Keeping children safe
According to the CBM Child Safeguarding Policy, children with disabilities are twice as likely to be abused compared to children without disabilities. This puts children with disabilities at a higher risk of abuse as they are more likely to be taken advantage of by a care giver or a stranger.
Child safeguarding entails keeping children, all over the world, safe from abuse through awareness raising, prevention, responding and reporting. This is achieved through the active development and implementation of child safeguarding policies within all service centered institutions.
In order to ensure that all children are safe from all forms of abuse, CBM in Kenya undertook an inaugural child safeguarding training at the just concluded Kenya Implementing Partners Forum (KIPAF). The training brought together 21 partners from 16 counties to raise awareness and assist in development of core roles and responsibilities that will ensure their institutions are child safe.
Making our programmes child safe
Speaking during the child safeguarding training that was held in Lukenya, Machakos County, CBM’s Country Representative, David Munyendo, emphasised that all CBM programmes need to be safe and child friendly. He further noted that this is of great importance to CBM in Kenya as almost 70% of its programme beneficiaries are children.
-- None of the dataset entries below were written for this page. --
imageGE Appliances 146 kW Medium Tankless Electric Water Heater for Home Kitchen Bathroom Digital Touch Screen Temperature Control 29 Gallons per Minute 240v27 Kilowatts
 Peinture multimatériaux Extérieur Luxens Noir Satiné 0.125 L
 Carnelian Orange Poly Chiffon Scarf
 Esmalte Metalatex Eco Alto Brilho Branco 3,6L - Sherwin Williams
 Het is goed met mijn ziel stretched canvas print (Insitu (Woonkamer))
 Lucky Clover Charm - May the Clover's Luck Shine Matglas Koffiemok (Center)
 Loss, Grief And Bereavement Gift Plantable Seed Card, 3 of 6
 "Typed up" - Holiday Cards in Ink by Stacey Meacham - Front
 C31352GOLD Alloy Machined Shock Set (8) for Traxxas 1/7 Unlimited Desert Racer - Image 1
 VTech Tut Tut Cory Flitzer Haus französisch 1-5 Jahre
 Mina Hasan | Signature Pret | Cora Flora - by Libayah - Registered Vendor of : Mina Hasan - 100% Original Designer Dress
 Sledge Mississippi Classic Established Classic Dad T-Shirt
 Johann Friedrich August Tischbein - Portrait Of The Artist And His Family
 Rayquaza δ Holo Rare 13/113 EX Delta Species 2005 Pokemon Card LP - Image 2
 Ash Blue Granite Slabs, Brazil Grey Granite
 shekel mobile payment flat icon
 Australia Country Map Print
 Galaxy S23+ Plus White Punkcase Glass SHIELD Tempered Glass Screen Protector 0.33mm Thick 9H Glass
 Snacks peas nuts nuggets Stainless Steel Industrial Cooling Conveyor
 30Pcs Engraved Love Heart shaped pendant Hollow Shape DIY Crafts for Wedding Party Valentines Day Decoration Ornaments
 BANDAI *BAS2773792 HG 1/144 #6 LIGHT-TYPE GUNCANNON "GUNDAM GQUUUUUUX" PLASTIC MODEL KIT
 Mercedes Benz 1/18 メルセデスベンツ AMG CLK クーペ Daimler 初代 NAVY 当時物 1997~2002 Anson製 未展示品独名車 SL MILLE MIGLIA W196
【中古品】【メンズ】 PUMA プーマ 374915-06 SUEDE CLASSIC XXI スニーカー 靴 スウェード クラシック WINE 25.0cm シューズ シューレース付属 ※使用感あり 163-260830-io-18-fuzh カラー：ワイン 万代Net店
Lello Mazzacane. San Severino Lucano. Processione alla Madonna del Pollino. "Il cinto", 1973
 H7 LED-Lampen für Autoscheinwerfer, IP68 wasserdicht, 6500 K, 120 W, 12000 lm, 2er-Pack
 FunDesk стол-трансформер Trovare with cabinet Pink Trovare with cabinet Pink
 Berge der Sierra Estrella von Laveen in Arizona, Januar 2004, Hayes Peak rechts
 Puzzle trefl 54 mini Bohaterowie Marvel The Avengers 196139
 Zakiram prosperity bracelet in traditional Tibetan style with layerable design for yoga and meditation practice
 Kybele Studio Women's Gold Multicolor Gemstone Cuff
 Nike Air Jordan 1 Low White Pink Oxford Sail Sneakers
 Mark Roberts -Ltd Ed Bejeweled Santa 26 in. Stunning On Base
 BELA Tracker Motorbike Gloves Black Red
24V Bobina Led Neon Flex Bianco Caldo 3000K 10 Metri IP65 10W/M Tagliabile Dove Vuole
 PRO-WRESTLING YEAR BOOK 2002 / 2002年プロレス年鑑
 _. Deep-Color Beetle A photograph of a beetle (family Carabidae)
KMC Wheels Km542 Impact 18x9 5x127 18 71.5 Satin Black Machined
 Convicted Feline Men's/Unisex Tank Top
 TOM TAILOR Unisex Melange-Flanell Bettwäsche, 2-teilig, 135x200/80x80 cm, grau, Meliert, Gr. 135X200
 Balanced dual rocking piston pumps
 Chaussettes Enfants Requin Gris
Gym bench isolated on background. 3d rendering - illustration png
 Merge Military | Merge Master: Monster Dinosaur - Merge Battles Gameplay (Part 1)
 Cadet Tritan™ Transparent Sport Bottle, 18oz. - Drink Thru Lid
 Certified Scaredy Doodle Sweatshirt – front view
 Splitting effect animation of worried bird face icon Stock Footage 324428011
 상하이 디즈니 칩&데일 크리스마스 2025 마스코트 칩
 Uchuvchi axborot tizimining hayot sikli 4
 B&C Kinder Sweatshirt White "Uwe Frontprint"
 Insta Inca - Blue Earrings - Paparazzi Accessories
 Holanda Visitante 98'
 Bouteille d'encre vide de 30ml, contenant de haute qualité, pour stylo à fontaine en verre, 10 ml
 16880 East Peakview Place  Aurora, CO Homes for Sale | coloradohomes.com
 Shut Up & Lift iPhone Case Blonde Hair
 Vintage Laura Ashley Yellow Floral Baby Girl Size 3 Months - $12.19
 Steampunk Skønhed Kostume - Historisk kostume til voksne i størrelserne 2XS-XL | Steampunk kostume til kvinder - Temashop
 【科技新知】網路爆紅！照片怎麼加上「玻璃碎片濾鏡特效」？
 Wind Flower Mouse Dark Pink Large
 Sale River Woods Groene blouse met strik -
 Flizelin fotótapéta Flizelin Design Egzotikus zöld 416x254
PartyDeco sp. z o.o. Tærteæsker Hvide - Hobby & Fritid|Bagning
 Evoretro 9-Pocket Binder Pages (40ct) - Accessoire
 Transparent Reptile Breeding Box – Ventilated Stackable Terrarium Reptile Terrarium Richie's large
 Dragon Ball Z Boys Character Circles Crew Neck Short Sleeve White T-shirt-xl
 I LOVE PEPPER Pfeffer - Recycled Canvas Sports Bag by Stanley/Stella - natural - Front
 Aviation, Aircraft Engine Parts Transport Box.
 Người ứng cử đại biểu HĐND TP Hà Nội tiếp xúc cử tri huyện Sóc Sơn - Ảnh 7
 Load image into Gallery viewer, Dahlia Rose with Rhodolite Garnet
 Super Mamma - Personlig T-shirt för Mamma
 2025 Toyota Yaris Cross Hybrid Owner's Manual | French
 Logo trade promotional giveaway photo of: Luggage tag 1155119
“The issue of child safeguarding is a constitutional affair for Kenya and is also embedded in the Children’s Act. Additionally and from a global perspective, all the countries that are signatories to the UN Convention on the Rights of the Child are urged to implement the provisions therein,” he added.
CBM upholds Child Safeguarding in its practices and has developed a Child Safeguarding Policy that is based on the UN Convention on the Rights of the Child (1989), the national child protection legislation of Germany and Kenyan laws that protect children.
Milestones in Kenya
According to the CBM East Africa Regional Child Safeguarding Officer, Heidi Ayuma, the Child Safeguarding policy acts as a mirror that helps CBM reflect on its own internal working processes, providing an inward look at its undertakings in reference to child safeguarding.
“To have these mechanisms in place we have the policy, code of conduct for CBM staff and its representatives, a reporting structure and we also conduct various trainings where our staff are trained to be able to identify abuse, prevent, respond and report on the same. We also conduct internal audits to assess compliance to our own policies and guidelines,” said Ayuma.
In Kenya, CBM has worked so far with six learning institutions for the last two years to help them undertake self-audits and anchor child safeguarding in their respective organisational culture. Additionally, the Kenya Country Office with technical support from the Child Safeguarding Officer, has been testing the child protection mechanisms in the partner institutions to ensure they are effective.
Enhancing partner learning and growth
Sabatia Eye Hospital located in Vihiga County, is one of the partners that has walked this journey with CBM. The Chief Executive Officer at Sabatia Eye Hospital, Dr. Ernest Ollando, expressed the significance of the concluded training in achieving a Child Safe hospital.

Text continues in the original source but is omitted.